**Your assignment:** I'd like the entire listing output verbatim, apart from the pictures.

**Information shown:**

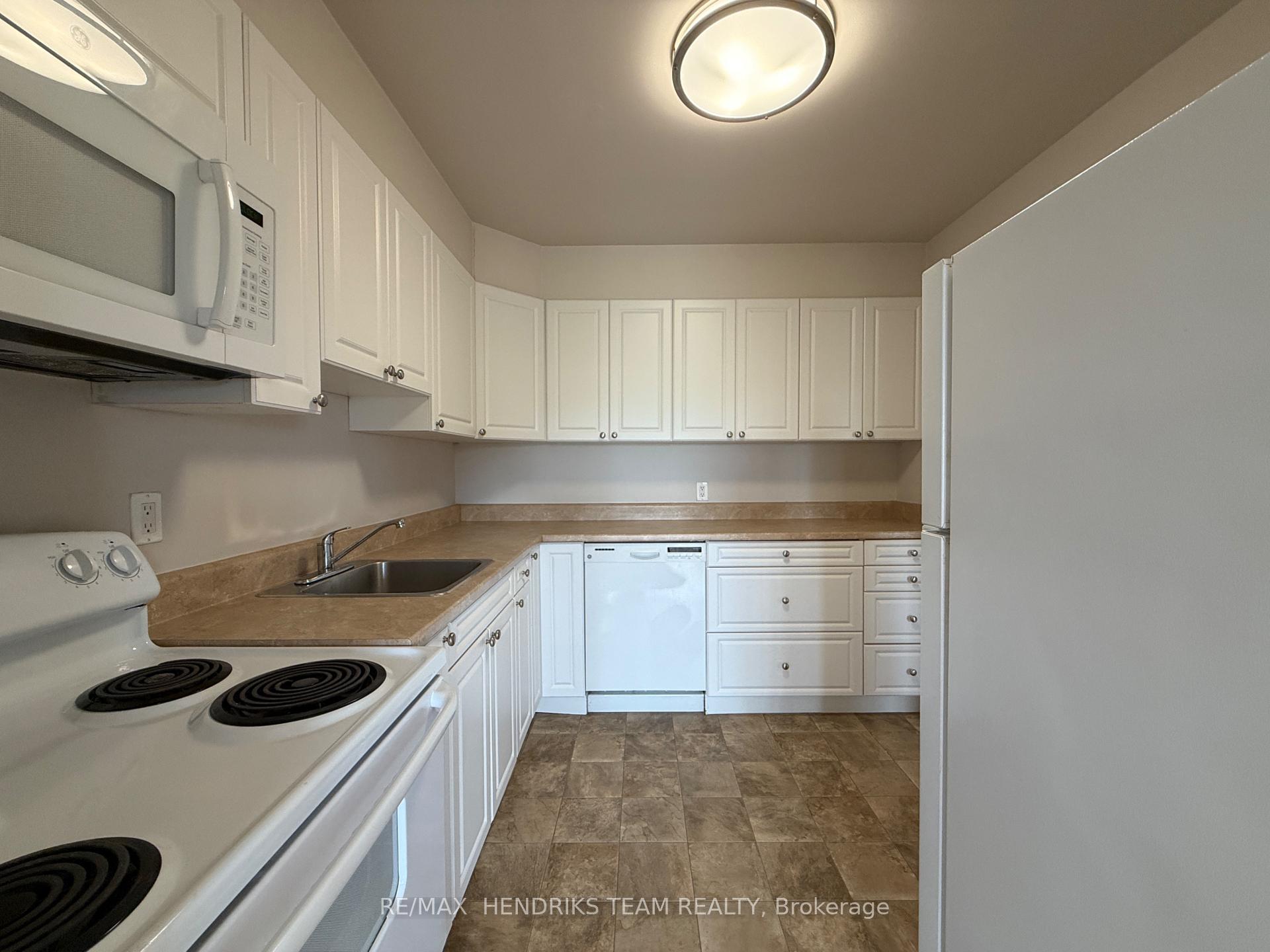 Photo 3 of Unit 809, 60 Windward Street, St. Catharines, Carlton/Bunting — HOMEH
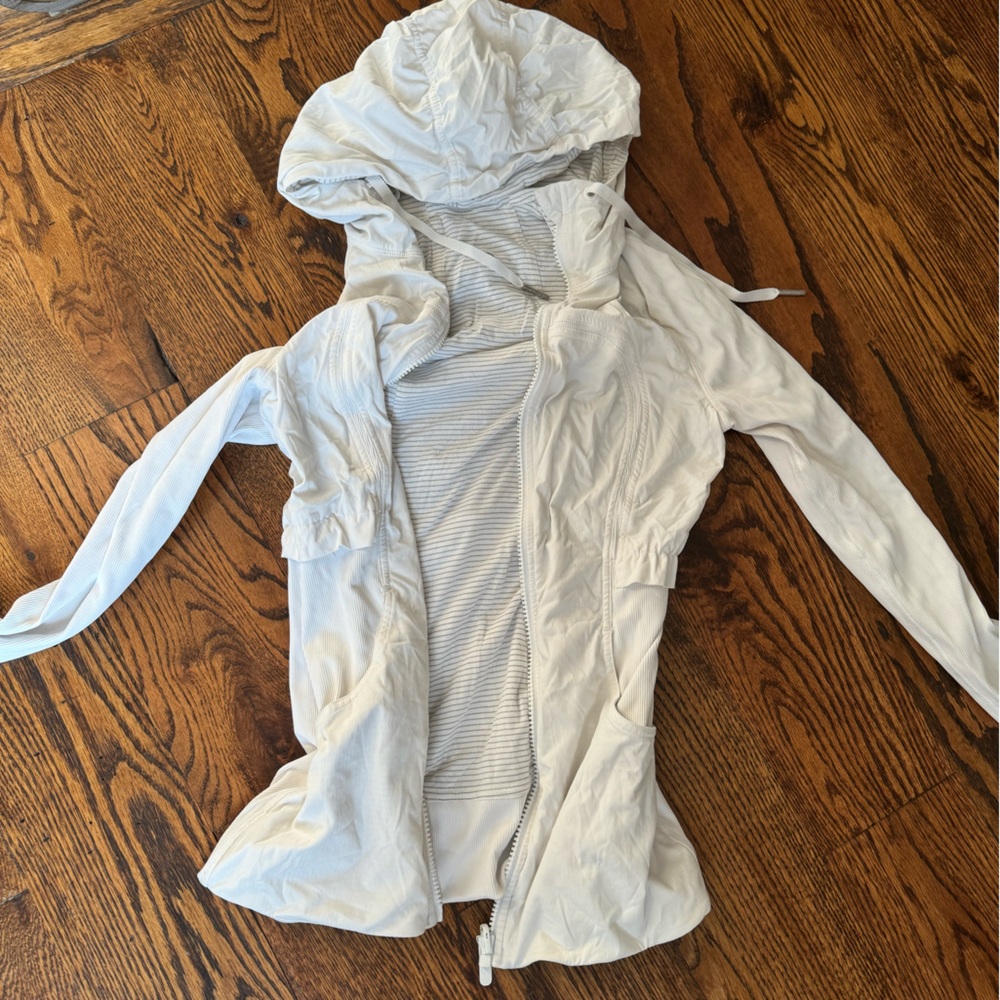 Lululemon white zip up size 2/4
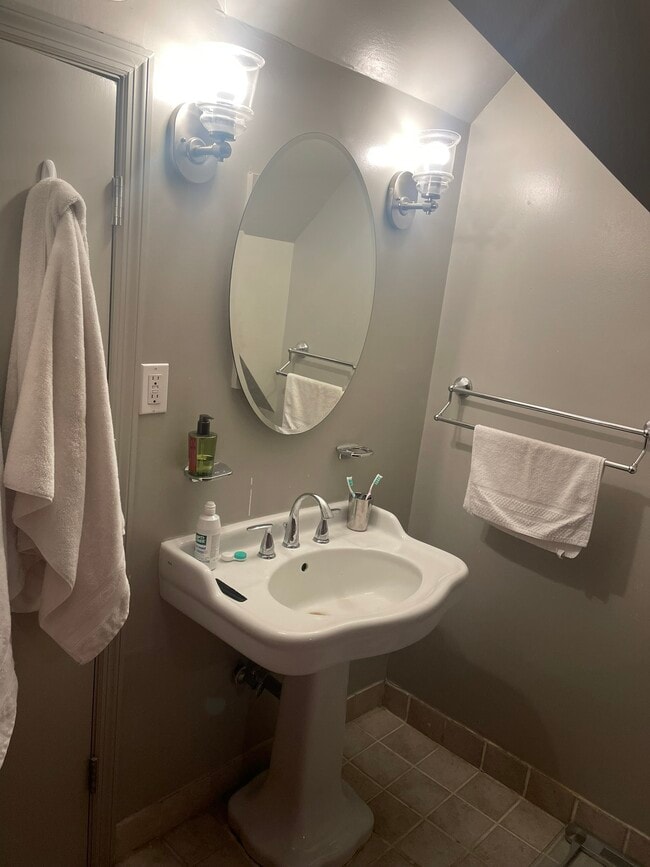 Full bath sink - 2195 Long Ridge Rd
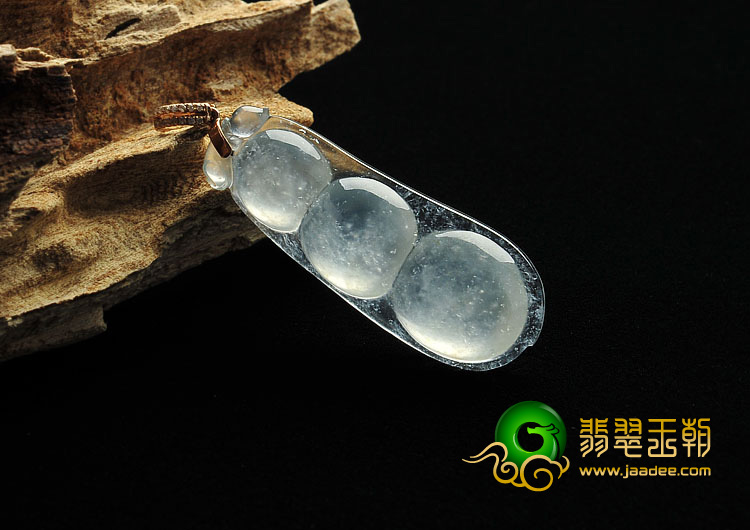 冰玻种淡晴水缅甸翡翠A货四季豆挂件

**Answer for this exercise:**
 Photo 3 of Unit 809, 60 Windward Street, St. Catharines, Carlton/Bunting — HOMEH
 Lululemon white zip up size 2/4
 Full bath sink - 2195 Long Ridge Rd
 冰玻种淡晴水缅甸翡翠A货四季豆挂件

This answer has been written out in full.